Moloney podría haber obtenido una ganancia económica mucho mayor si se hubiera hecho a un lado para permitir que García se enfrentara a Jesse Rodríguez -campeón de las organizaciones The Ring, AMB, CMB y OMB- en un combate por la unificación absoluta de los títulos. Se rumoreaba que Matchroom Boxing, promotora que representa a Rodríguez, había ofrecido a Moloney $250.000 para que no participara en la pelea; sin embargo, el deseo del boxeador australiano, de 35 años, de tener una nueva oportunidad de conquistar un título mundial resultó innegociable.

"Ganar este título mundial significa más que nada para mí, más que el dinero", declaró Moloney a The Ring el mes pasado. "Mi vida ha girado en torno a ser campeón mundial y perseguir este sueño. He hecho muchísimos sacrificios y he dedicado toda mi vida a este objetivo. No estaba dispuesto a dejar que otra persona ocupara mi lugar y, básicamente, vender mi sueño; esa era la sensación que tenía".

Desde aquella derrota -ahora tristemente célebre- ante Guevara en mayo de 2024, Moloney solo ha peleado en dos ocasiones. Se recuperó en su ciudad natal, Melbourne, venciendo por la vía rápida (detención del combate) en el tercer asalto al púgil tailandés Jakrawut Majungoen en diciembre de 2024. Su más reciente aparición en el cuadrilátero, frente al poco conocido indio Pawan Kumar el pasado mes de noviembre, se produjo en circunstancias trágicas.

Originalmente, estaba previsto que Kumar se enfrentara a Zhou Runqi -compañero de equipo de Moloney- en Suva (Fiyi); sin embargo, el boxeador chino se vio obligado a retirarse del combate tras ser hospitalizado a consecuencia de un brutal ataque con arma blanca sufrido en un autobús, incidente que se cree tuvo motivaciones racistas. Moloney decidió ocupar el lugar de Runqi en un combate para mantenerse activo y despachó a Kumar con facilidad, deteniendo la pelea en el quinto asalto.
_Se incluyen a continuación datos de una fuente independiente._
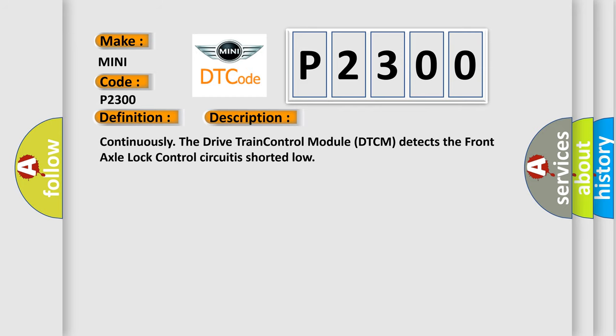Continuously the drivetrain control module DTCM detects the front axle lock control circuit as shorted low.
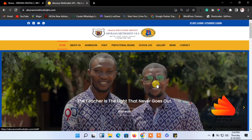Hello guys, let us continue with the tutorials. Today we are going to continue with the step-by-step tutorial on how to design a school management system. Under this series, we are also going to look at where you can get the cheapest hosting in Ghana — less than five dollars, around four dollars, which is 50 Ghana cedis. I'm going to show you where you can get that, and the kind of website we are going to design is similar to a school management website.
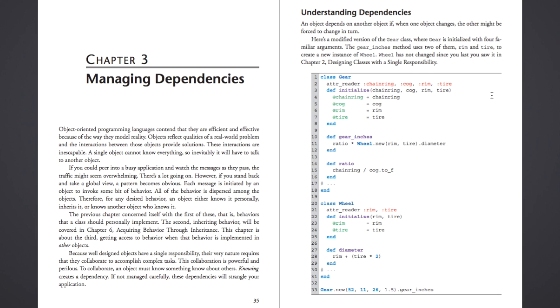Hello everyone, in this video we'll be doing Chapter 3 of Practical Object-Oriented Design in Ruby by Sandy Metz. Chapter 3 is about managing dependencies and we're going to learn all about what that is, why they're important, and why they're important to manage if you can't get rid of them completely.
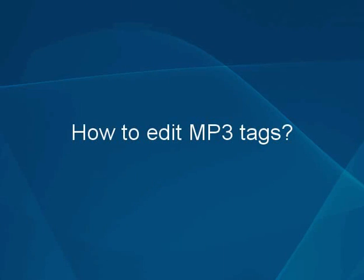You would like to edit the tag information of your MP3 file? AVS Audio Converter is just what you need. Watch this tutorial to see how to perform this task in three easy steps.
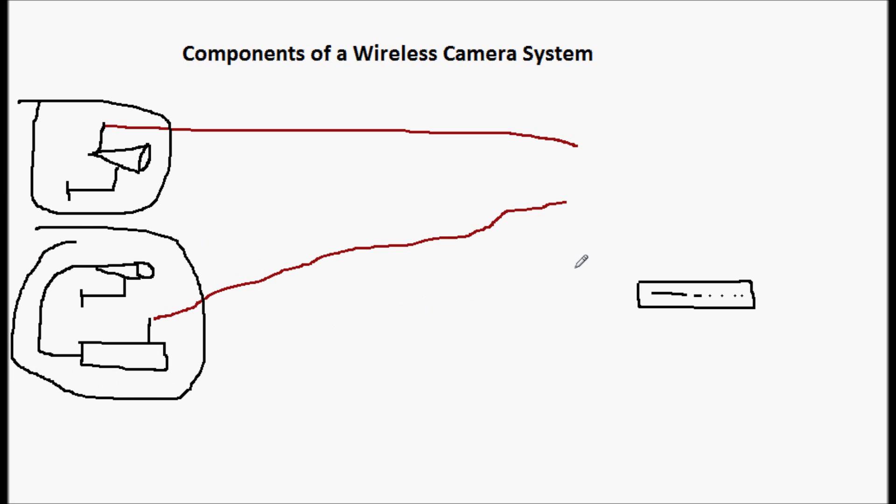Now let's talk about the receiver, very similar to the transmitters. Your recording device may have a built-in receiver, and that just receives these signals from the cameras and their transmitters, and then feeds it to the DVR for recording.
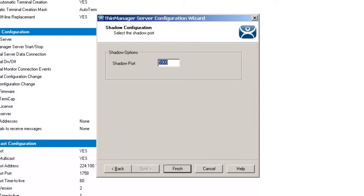If this happens, the port can be changed inside of ThinManager — it's a simple, easy thing to do. If you were using 5900 because you already had VNC on a particular PC that you were using WinTMC with, just change it to 6000, 7000, 5800, or some other port that's not being used. You'd have to know which ports are in use in your environment, but it's an easy way of making that change if needed.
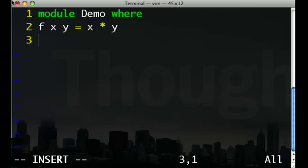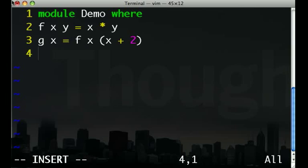The f function simply multiplies its parameters. The g function multiplies its parameter by itself plus 2, using the f function for multiplication.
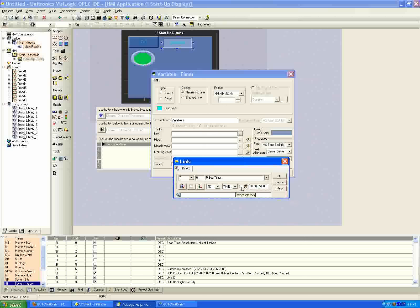It's a good idea to have the reset on power-up checked whenever you do a download and reset, so you don't have a previous value stuck in the timer that causes confusion about why the timer isn't counting down. As a general rule of thumb, have this checkbox selected for most programs. Obviously there are situations where you don't want that, but it's a good general practice.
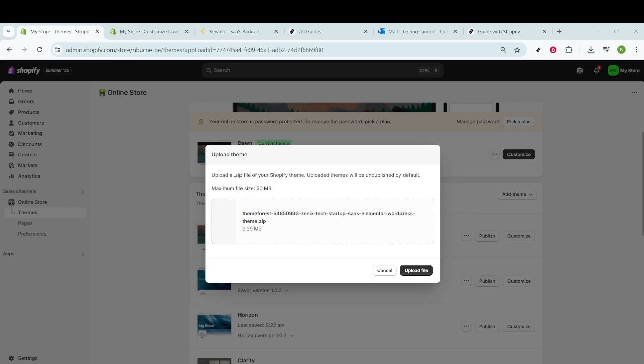And there you have it. Uploading a Shopify theme from ThemeForest is a straightforward process that can have a huge impact on your online store's presentation. Just keep in mind that the more you experiment and customize, the more you can set your store apart from the competition.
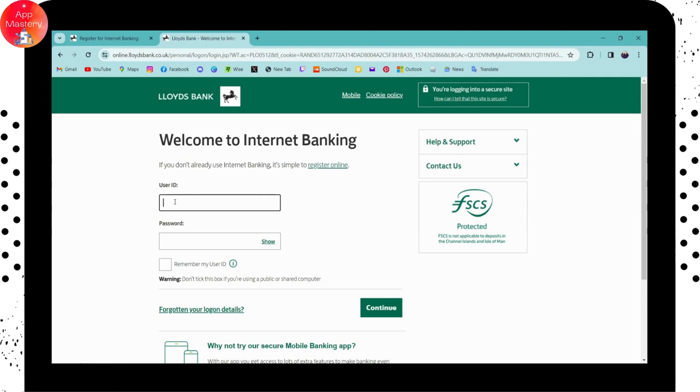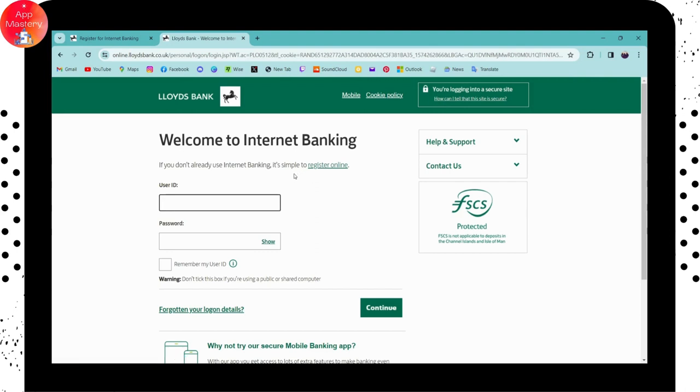If you don't have an account or if you have not opened an internet banking account, then you can go for register online so that you can create your account. After creating, you can come back to the login page so that you can log into your account.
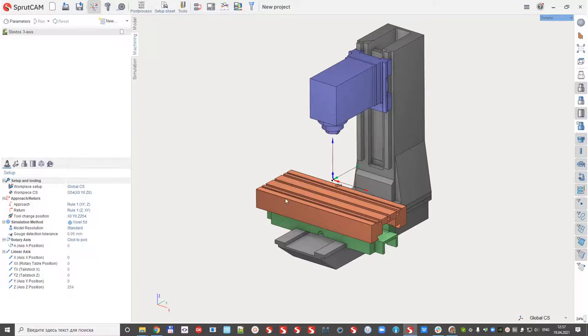Hello. In this video I will explain how to machine several parts in one project.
Por su parte, los dos últimos combates de García han sido contra su compatriota René Calixto. Ambos empataron en su enfrentamiento de diciembre de 2024 por el título vacante de la FIB en la categoría de 115 libras, celebrado también en Japón. Posteriormente, García se alzó con el título tras imponerse por decisión dividida en la revancha disputada en mayo de 2025 en Zacatecas (México). El sábado será la primera vez que García defienda su título mundial.